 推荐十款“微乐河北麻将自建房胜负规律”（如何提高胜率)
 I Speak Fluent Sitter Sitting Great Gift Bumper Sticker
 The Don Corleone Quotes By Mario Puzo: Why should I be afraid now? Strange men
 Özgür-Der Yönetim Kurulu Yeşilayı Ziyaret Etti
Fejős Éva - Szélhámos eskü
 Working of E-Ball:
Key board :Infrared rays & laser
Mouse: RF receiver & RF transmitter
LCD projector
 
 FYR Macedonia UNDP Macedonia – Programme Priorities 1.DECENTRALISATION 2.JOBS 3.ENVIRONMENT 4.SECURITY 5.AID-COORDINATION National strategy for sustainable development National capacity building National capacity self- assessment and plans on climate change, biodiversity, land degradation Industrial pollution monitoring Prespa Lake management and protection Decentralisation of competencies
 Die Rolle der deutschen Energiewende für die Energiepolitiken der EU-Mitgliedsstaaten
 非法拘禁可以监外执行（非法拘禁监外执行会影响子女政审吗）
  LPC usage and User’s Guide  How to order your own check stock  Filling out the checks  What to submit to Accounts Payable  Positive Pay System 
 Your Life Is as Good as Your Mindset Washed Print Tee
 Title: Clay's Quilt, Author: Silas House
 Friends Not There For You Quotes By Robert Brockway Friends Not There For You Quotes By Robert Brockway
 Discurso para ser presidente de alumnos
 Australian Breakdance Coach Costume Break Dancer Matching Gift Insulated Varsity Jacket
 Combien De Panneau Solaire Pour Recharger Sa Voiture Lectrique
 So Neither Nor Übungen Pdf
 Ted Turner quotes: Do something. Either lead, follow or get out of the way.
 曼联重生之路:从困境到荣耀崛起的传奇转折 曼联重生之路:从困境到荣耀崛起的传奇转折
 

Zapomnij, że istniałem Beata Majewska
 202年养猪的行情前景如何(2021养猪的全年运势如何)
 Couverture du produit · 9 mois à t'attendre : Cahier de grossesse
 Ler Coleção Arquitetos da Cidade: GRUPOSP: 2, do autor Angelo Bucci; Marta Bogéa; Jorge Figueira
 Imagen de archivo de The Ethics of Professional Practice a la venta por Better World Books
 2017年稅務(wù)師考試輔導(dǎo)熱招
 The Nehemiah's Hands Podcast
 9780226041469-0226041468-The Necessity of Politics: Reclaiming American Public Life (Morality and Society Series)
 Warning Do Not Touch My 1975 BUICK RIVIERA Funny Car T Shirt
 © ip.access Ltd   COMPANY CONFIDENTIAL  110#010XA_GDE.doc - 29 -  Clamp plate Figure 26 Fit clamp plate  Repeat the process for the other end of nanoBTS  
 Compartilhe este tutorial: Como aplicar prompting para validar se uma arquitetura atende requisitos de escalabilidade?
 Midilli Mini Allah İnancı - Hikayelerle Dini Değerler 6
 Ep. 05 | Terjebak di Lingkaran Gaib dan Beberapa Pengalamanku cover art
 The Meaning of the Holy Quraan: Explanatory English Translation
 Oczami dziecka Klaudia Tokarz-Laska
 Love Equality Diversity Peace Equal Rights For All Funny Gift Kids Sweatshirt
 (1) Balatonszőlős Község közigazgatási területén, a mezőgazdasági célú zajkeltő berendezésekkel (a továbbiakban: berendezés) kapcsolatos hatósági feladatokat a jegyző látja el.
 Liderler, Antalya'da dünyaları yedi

▬▬▬▬▬▬▬▬▬▬

- [WHAT TO WORK ON]: Nothing but the lines from the start of the data above through the line with "LCD projector" should appear in your answer, copied exactly.

- [REPLY TO THE TASK]:
 推荐十款“微乐河北麻将自建房胜负规律”（如何提高胜率)
 I Speak Fluent Sitter Sitting Great Gift Bumper Sticker
 The Don Corleone Quotes By Mario Puzo: Why should I be afraid now? Strange men
 Özgür-Der Yönetim Kurulu Yeşilayı Ziyaret Etti
Fejős Éva - Szélhámos eskü
 Working of E-Ball:
Key board :Infrared rays & laser
Mouse: RF receiver & RF transmitter
LCD projector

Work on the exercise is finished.